Mood Music, Volume 2
June 9, 2012 1:57 AM   Subscribe

Days of music and ambient audio served up with no searching, little setup, and no subscription:

Previously mentioned, You Are Listening To has expanded its roster of city broadcasts to include Austin, Baltimore, Minneapolis, and more. Post intended as something of a sequel to this, previously.
posted by Bora Horza Gobuchul (16 comments total) 137 users marked this as a favorite
 
Here's 3:39 of awesome.
posted by R. Schlock at 2:44 AM on June 9, 2012


You Are Listening To is awesome. Is there a way to just get that audio stream premixed without keeping the site open, though? It'd be great for the reception area in my office...
posted by Joakim Ziegler at 3:02 AM on June 9, 2012 [1 favorite]


10 hours of Darth Vader breathing.
posted by ceribus peribus at 3:30 AM on June 9, 2012


I'm listening to the thunder and rain since it's nearly 95F here, and sear-your-eyeballs bright, and it's going to be many a month until I hear this in real life. Unless... well, we just keep stacking up more plants in every available spot outside our apartment, so I'm sort of hoping they will create their own ecosystem and spawn a ministorm or two. Until then, 75 minutes of YouTube thunder and rain is pretty nice, though it's totally confusing the dog.
posted by taz at 3:39 AM on June 9, 2012


awesome post man, been playing with the party cloud thing for ages.

+Fav
posted by Cogentesque at 3:40 AM on June 9, 2012


They should rename it to "Party Sunshine"...
posted by KMB at 3:54 AM on June 9, 2012


Those "Thunder and rain" and "Amazon" tracks remind me a lot of the Environments series of records that came out in the 70's. I had a couple of them, and really found them relaxing. The recording quality was exceptional and really showed-off a good stereo system.
posted by Thorzdad at 5:38 AM on June 9, 2012


Great post. Here's another you might enjoy: '9 Beet Stretch' is a recording of Ludwig van Beethoven's ninth symphony stretched to 24 hours, without pitch distortion. The stream was started on saturday may 7th, 2005, at 20h15 (the moment of sunset (local time) in Vienna, Austria, where Beethoven's ninth symphony was first performed, on may 7th, 1824).
posted by Dean358 at 6:08 AM on June 9, 2012 [2 favorites]
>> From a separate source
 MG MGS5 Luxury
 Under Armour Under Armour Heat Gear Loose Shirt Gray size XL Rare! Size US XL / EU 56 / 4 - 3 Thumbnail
Sonos Terra is very, very much good yes. I'm going to pair it with the Mr. Rogers remix.
posted by Lipstick Thespian at 6:09 AM on June 9, 2012


These are great...but I still like gomix.it, previously known as naturesoundsfor.me, for ambient sound. The creator keeps adding sounds to mix, so it's now not only possible to simulate a rainforest with an intermittent thunderstorm by a waterfall while lemurs occasionally shriek in the distance, but also Christmas morning while the children open presents and grandpa sits in the corner on his respirator. Relaxing!
posted by zylocomotion at 6:50 AM on June 9, 2012 [2 favorites]


resonance is really good at this. A stand alone app that’s free, has an interesting variety of sounds and effects, and you can add your own sounds.
posted by bongo_x at 8:33 AM on June 9, 2012 [1 favorite]
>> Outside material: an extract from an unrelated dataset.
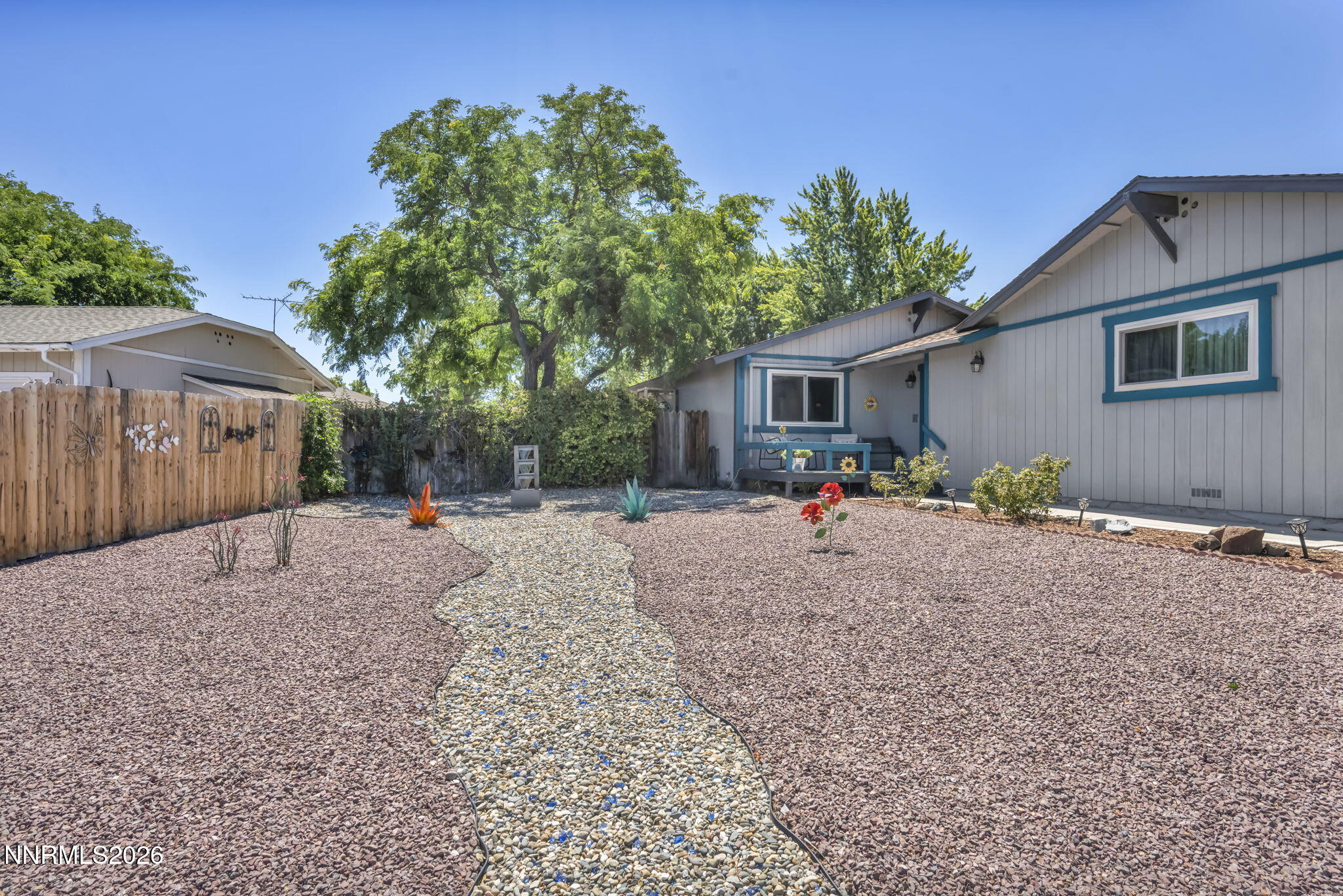 345 E Gault Way Property Photo 7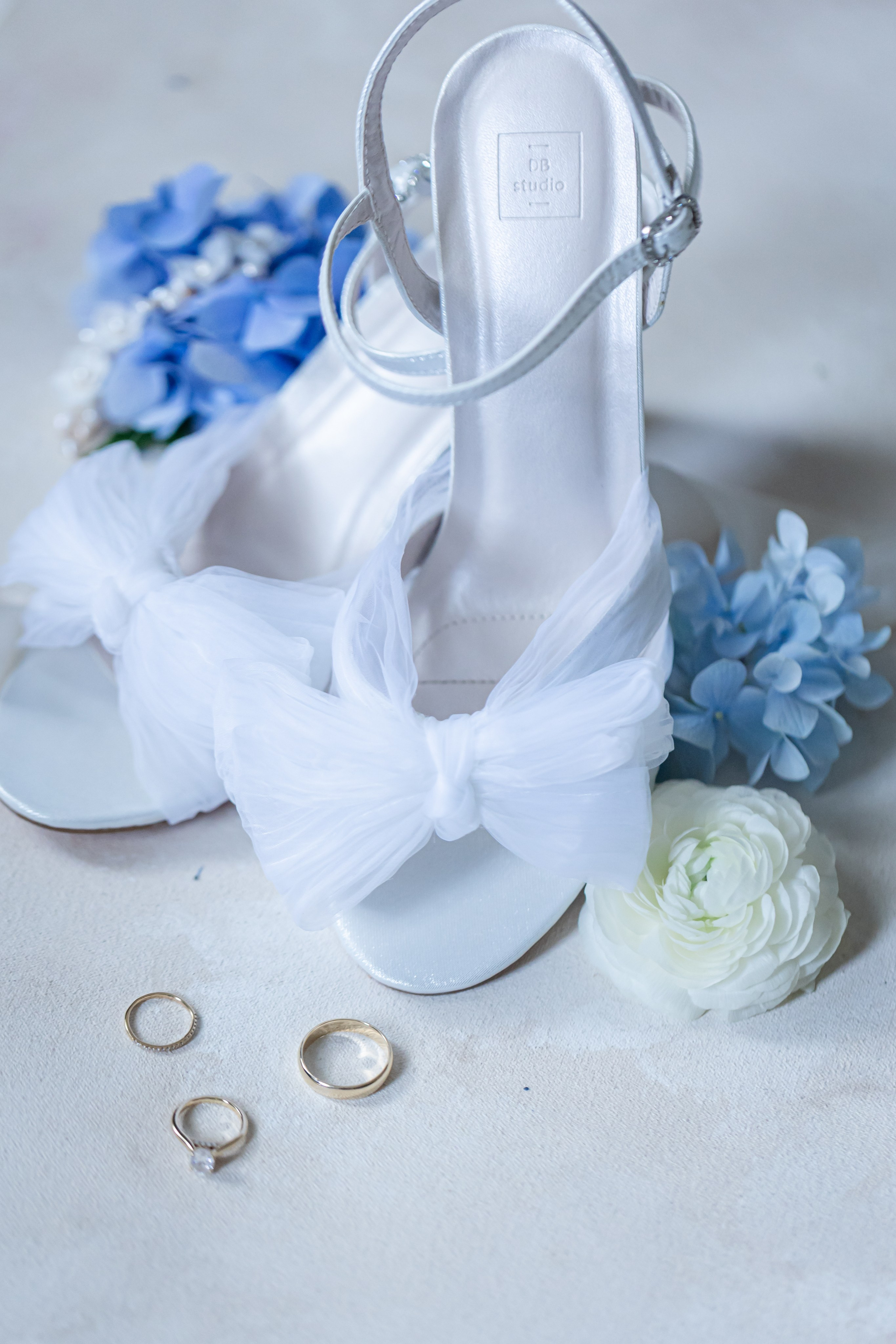 Blue wedding of Stacey and Madison at Liberty Hall Bed & Breakfast located in Traveler’s Rest SC. Wedding and portrait photography in Greenville SC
I have put the ambient Enterprise sounds on at work where we have to keep client privacy intact by using any number of promotional white noise makers branded with the names of anti-depressants (Yes, this is really a thing) when the exact same combination of canned ocean waves and bird calls has left me a highly ironic nervous wreck.
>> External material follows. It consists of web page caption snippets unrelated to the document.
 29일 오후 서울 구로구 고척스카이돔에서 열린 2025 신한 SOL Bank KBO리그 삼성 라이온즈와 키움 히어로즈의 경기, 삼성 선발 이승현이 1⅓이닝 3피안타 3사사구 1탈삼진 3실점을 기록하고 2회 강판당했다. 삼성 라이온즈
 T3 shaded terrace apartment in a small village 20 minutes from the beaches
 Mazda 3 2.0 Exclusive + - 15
I don't even like Star Trek all that much, it's just that relaxing.
posted by Shadax at 8:47 AM on June 9, 2012 [3 favorites]


These things are great. To really work though they need to go on for hours and not loop. The brain otherwise picks it up as artificial.

There are sound artists who record pure nature sounds in very remote places at high fidelity and sell these recordings for a lot of money to a small group of connoisseur who can afford to collect them. The idea is that man-made sounds leak through (planes, distant rumbles etc..) so you have to go into very remote areas. Not many places in the lower 48 US states for example where pure sounds can be recorded, so it's costly and rare to get these recordings. It's easy to pick up man made sounds by looking at the signatures in the recording.
posted by stbalbach at 9:52 AM on June 9, 2012


"... and sell these recordings for a lot of money to a small group of connoisseur who can afford to collect them."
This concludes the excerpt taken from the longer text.